What the task requires: No pictures, please: print exactly the lines from the one that contains "scales Frankfurt skyscraper" through the last line of the listing.

Supplied entries:
########################################

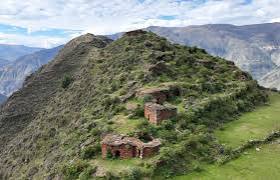 Áncash | 🏺 ¿QUÉ HAY DETRÁS DE COTU ECCANA? El sitio arqueológico ubicado  en la provincia de Carhuaz fue declarado Patrimonio Cultural de la Nación  por el Ministerio de Cultura. 📍 La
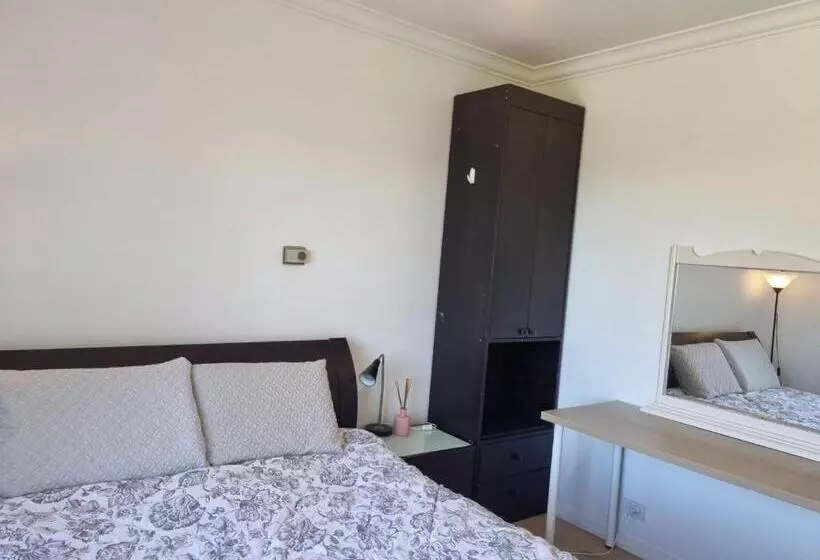 ペンション Beautiful Home In Greensborough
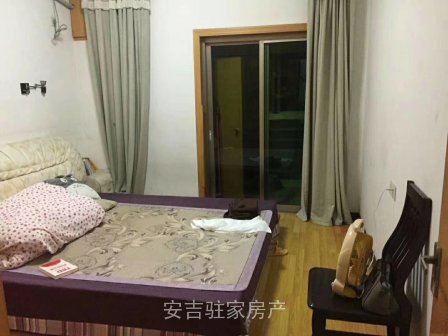市中心2楼3室双阳台新厨房新卫生间只要68万哦
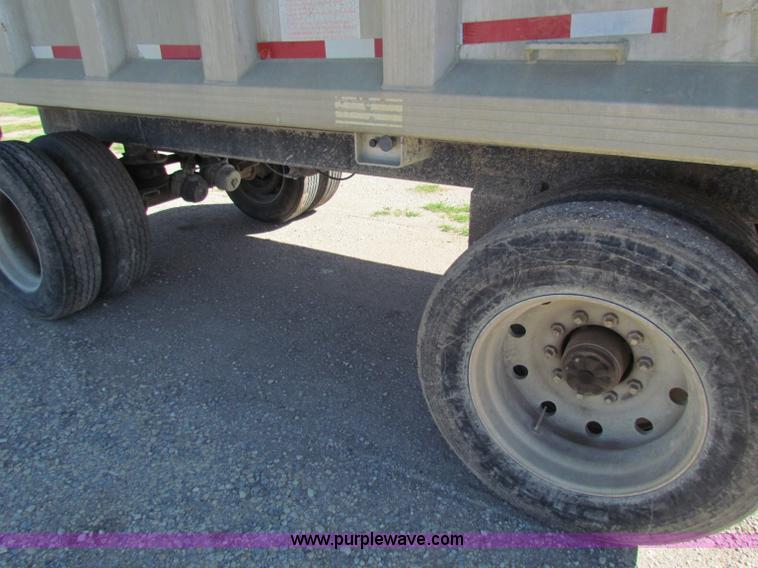 image for item E8143 1994 Travis T-102 end dump trailer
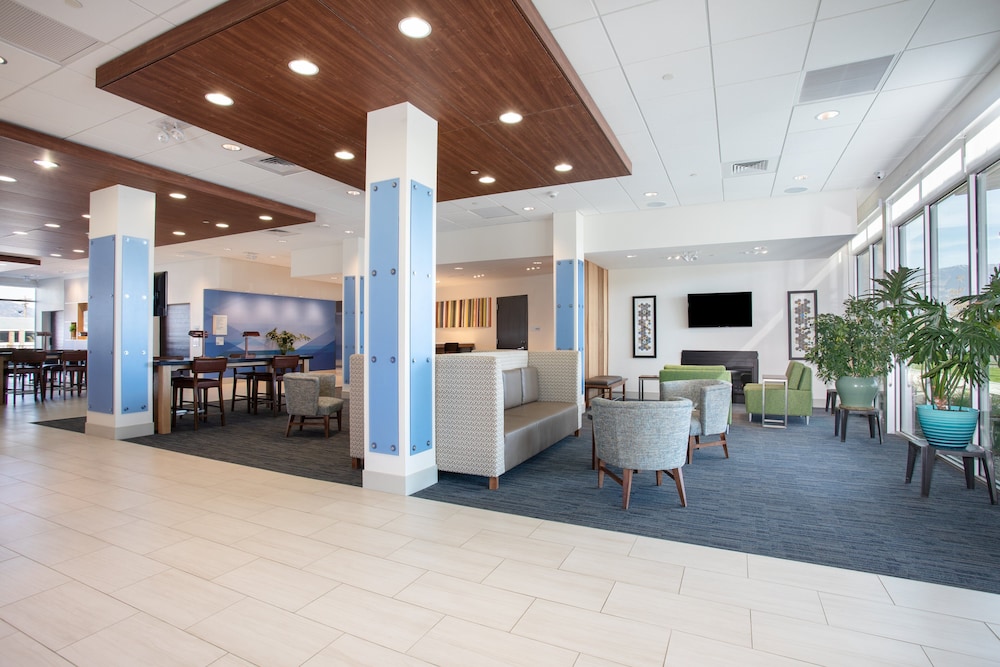 Holiday Inn Express Suites Ely 8/52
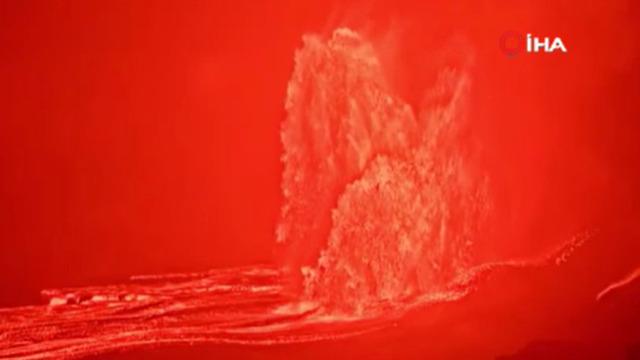 Yanardağ patladı! 425 metre yüksekliğe lav püskürttü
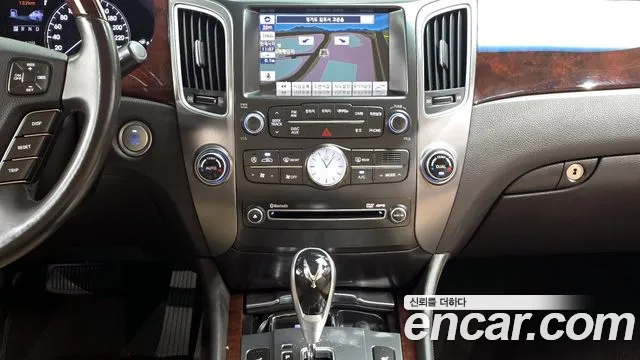 Hyundai Equus 2012 — фото 14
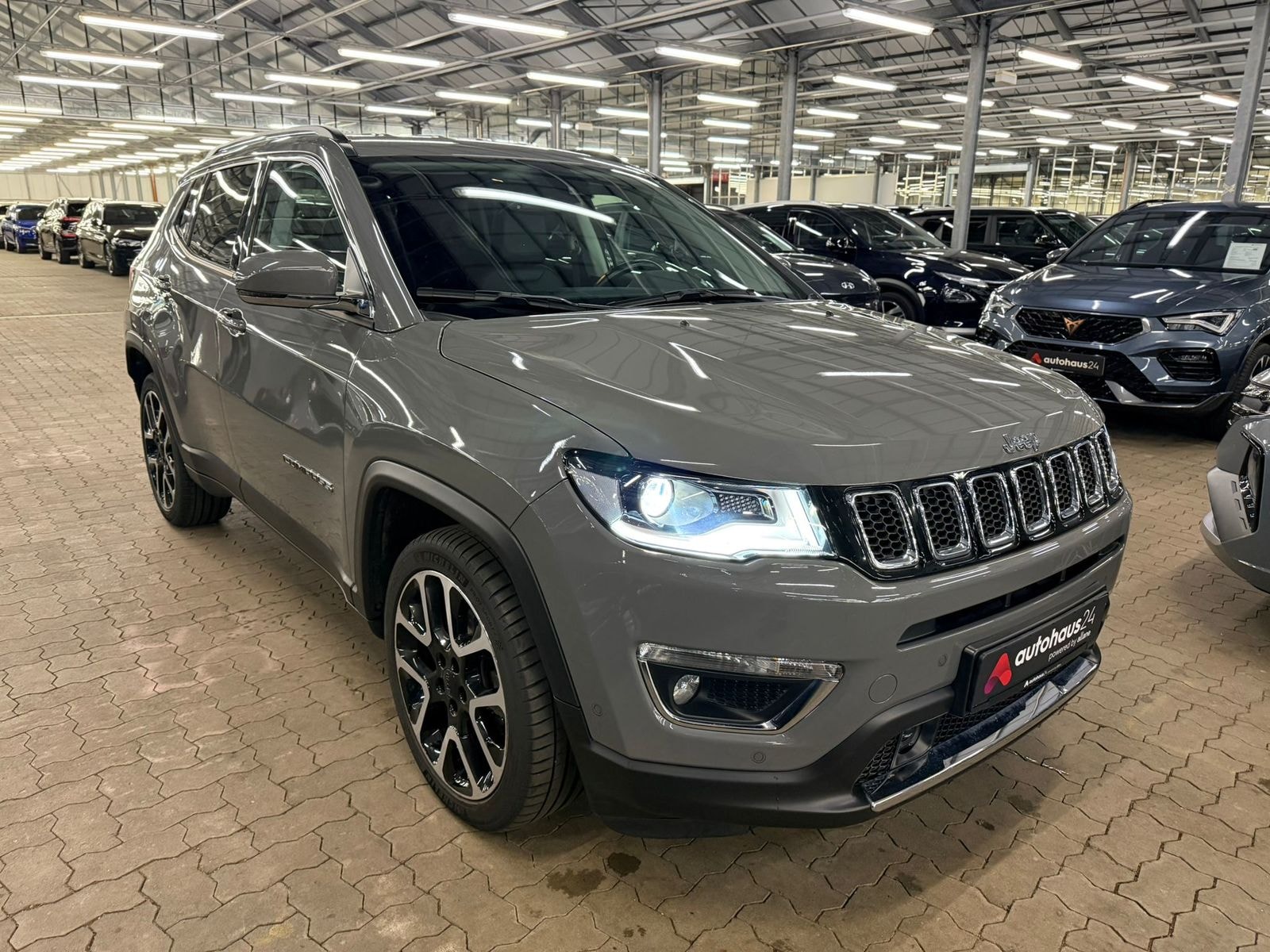 Jeep Compass SUV / Crossover / Geländewagen JEEP Compass 1.3 T-GDI I4 110kW Limited DCT Sports Utility Vehicle #1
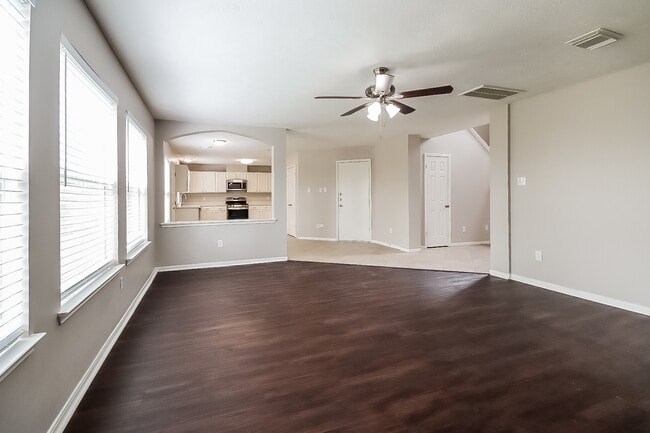 1818 Oak Ridge Dr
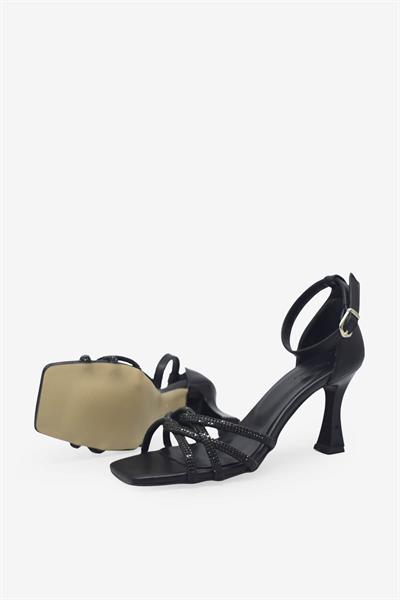 Kanuga Kadın Taş Detaylı Topuklu Sandalet Siyah BB2022-76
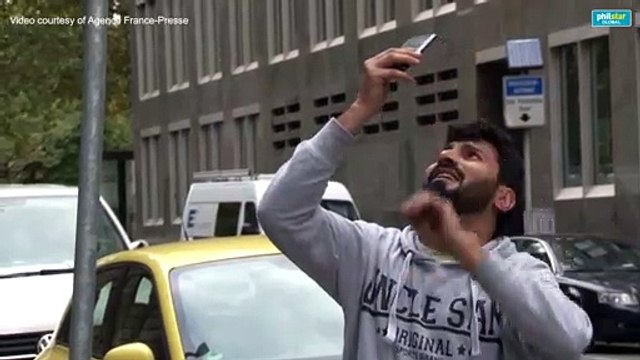 'French Spiderman' scales Frankfurt skyscraper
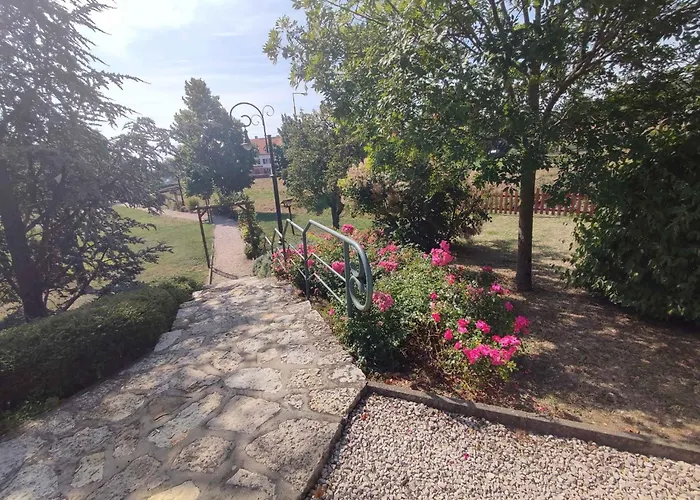 In - Balaton 37076 Apartamento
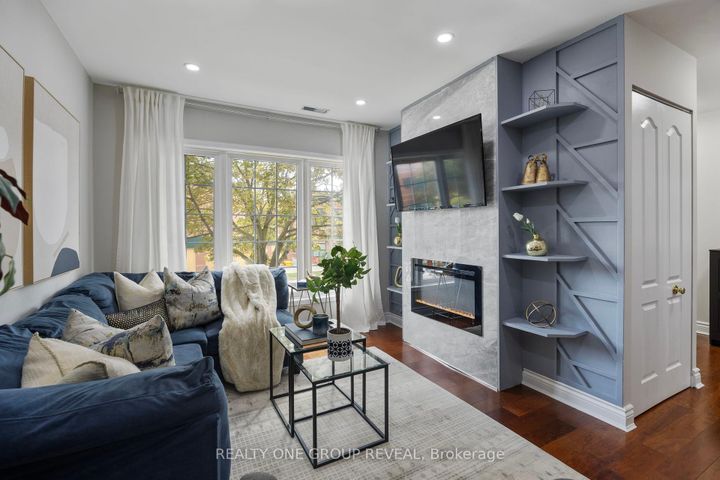 Photo 5 at 803 - 1400 The Esplanade Drive N, Town Centre, Pickering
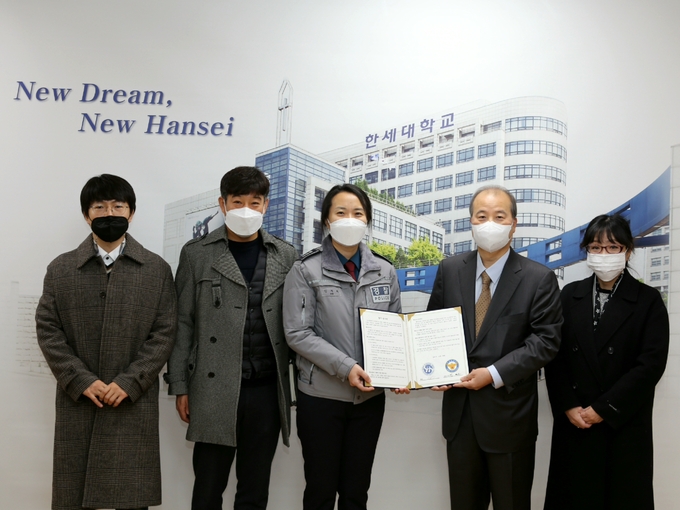 군포경찰서 한세대학교와 불법촬영등 성범죄 예방 및 위기 청소년 지원 협약을 체결했다.(사진=군포경찰서 제공)
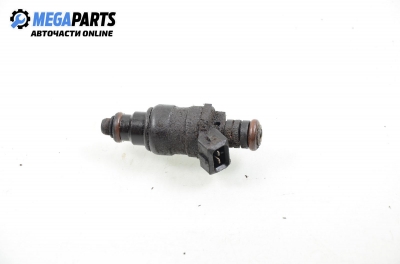 Gasoline fuel injector for Audi 80 (B4) 2.0, 115 hp, station wagon, 1994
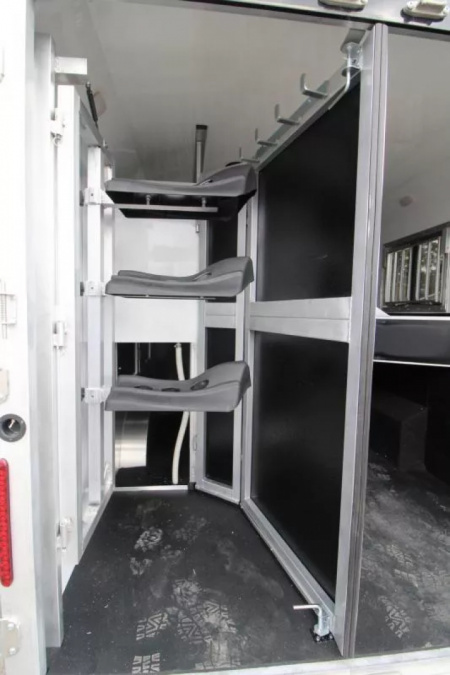 New 2026 Bison 8313B - 13ft SW LQ - Slide out - Haypod - Oven - Couch & Dinette - 3 Horse Trailer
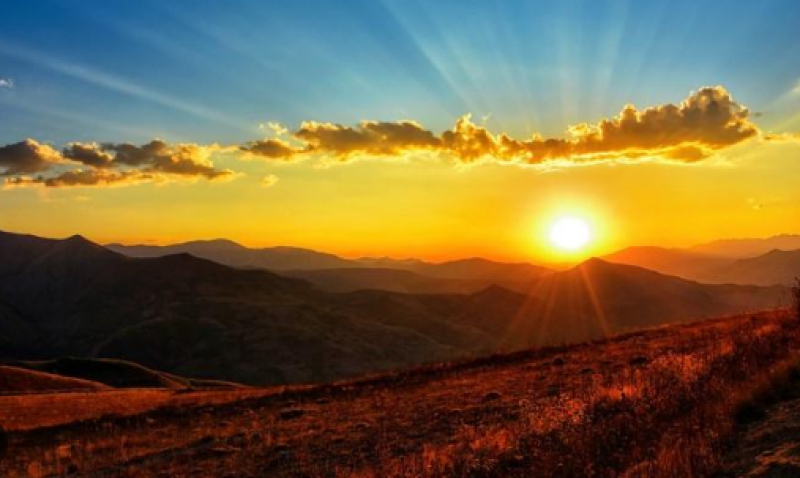 През нощта ще бъде ясно и почти тихо а утре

########################################

Written answer:
 'French Spiderman' scales Frankfurt skyscraper
 In - Balaton 37076 Apartamento
 Photo 5 at 803 - 1400 The Esplanade Drive N, Town Centre, Pickering
 군포경찰서 한세대학교와 불법촬영등 성범죄 예방 및 위기 청소년 지원 협약을 체결했다.(사진=군포경찰서 제공)
 Gasoline fuel injector for Audi 80 (B4) 2.0, 115 hp, station wagon, 1994
 New 2026 Bison 8313B - 13ft SW LQ - Slide out - Haypod - Oven - Couch & Dinette - 3 Horse Trailer
 През нощта ще бъде ясно и почти тихо а утре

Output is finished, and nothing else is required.